As of Sept. 30, 16 infrastructure debt funds were seeking a combined $8.8 billion in investor commitments globally, according to data from research firm Preqin Ltd. By early December, there were 19 funds seeking $12.2 billion. Further increases are “certainly something we envisage continuing in the future,” said Iain Jones, research analyst in infrastructure at Preqin in London.
“There is a growing interest in the (institutional investor) market, and banks are retreating — and will continue to retreat — because of regulations around Basel III,” said John McCarthy, managing director and global head RREEF Infrastructure, London.
Basel III is a set of international banking regulations yet to take effect; the new rules are expected to prompt banks to unload long-term debt holdings. “There has to be a way of filling that hole. Infrastructure funds are a way of doing so,” Mr. McCarthy said.
RREEF has a debt team in place and is looking at possible strategies. A new product is planned for early 2012, but Mr. McCarthy declined to provide further details.
Meanwhile, JPMAM is creating an infrastructure debt investment team under the leadership of managing director and portfolio manager Bob Dewing. Based in New York, Mr. Dewing will coordinate the firm's expertise in credit and real assets.

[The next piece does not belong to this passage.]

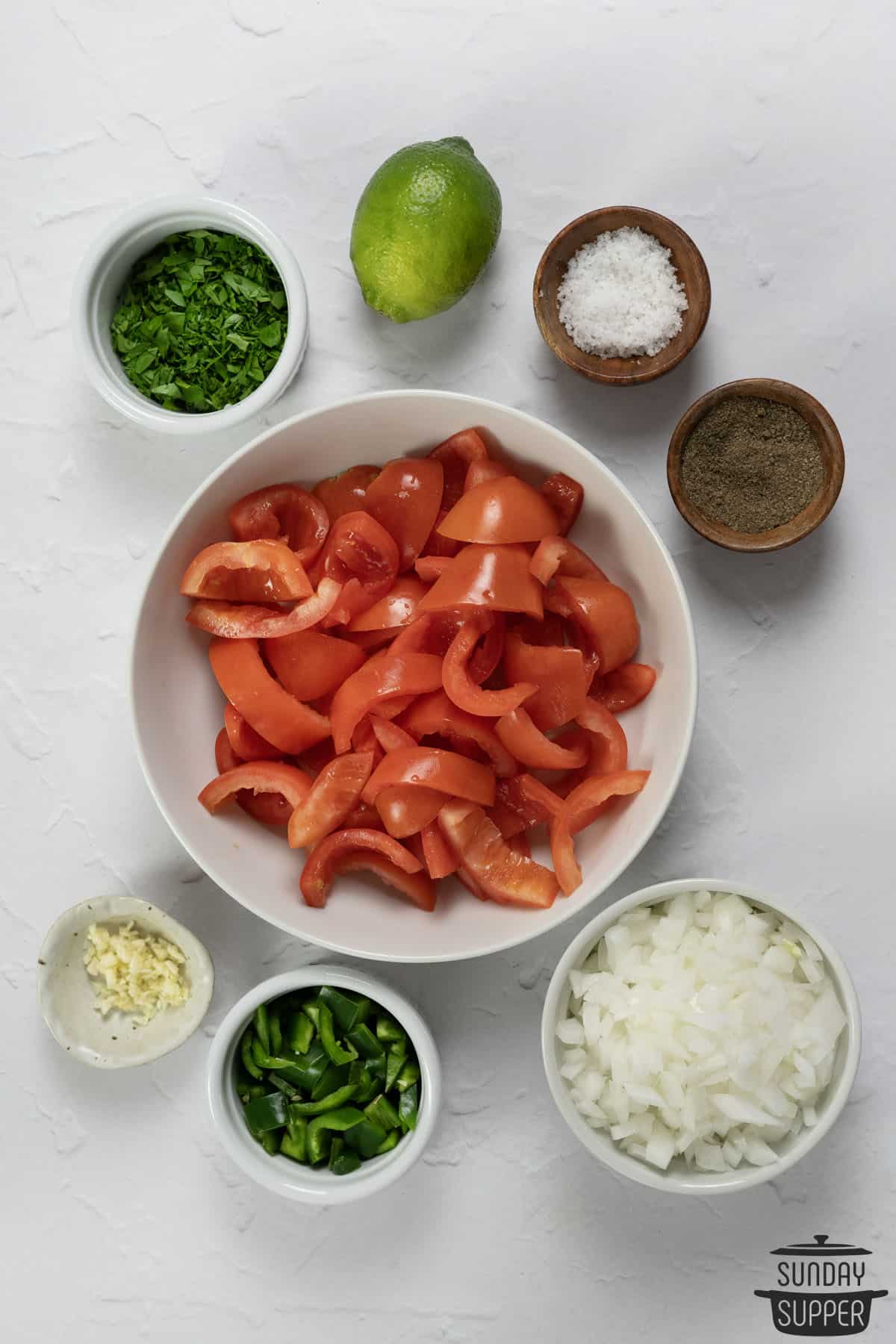 ingredients to make tomato salsa in bowls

“We're bringing together two different skill bases: the skill to analyze fund infrastructure risk and ... a very large fixed-income platform that manages many billions of dollars,” he said. “It's unusual to bring both skill bases together.”
However, Luba Nikulina, senior investment consultant and global head of private markets, Towers Watson & Co. in London, isn't convinced that infrastructure debt will take off among institutional investors, and cites a couple of reasons for hesitation.
First, investors need a fund or manager to bundle together these debt assets, and costs have been high. “There are a lot of funds being raised now in the market, but they tend to be expensive. They borrow their fee structure from the private equity world rather than the fixed-income world,” she said.
Also, it's not clear why infrastructure debt would be run as a separate asset class. “The question is: Why would you allocate to infrastructure debt as a separate allocation as opposed to a wider allocation across many (debt) strategies?” Ms. Nikulina said.
“It will probably be another two to three years before the future of infrastructure debt is clear,” she said.
Georg Grodzki, head of credit research at Legal & General Investment Management, London, said: “There is growing interest out there, but this has not yet translated into major investment flows from U.K. pension funds or retail investors.” LGIM runs about £1 billion in infrastructure debt for its insurance parent.
Mr. Grodzki said infrastructure bonds are a “natural fit” for pension funds and insurance companies with long-dated liabilities because the bonds are “long-dated, often linked to inflation, and their credit quality is less sensitive to fluctuations of economic activity than other bonds.”
However, much of the infrastructure debt held on banks' balance sheets would not be attractive to institutional investors, Mr. Grodzki said, because it tends to be floating rate, shorter-dated and not always investment grade. “Very little of their loan portfolios is of interest to us. You would have to re-engineer them, which is expensive and laborious.”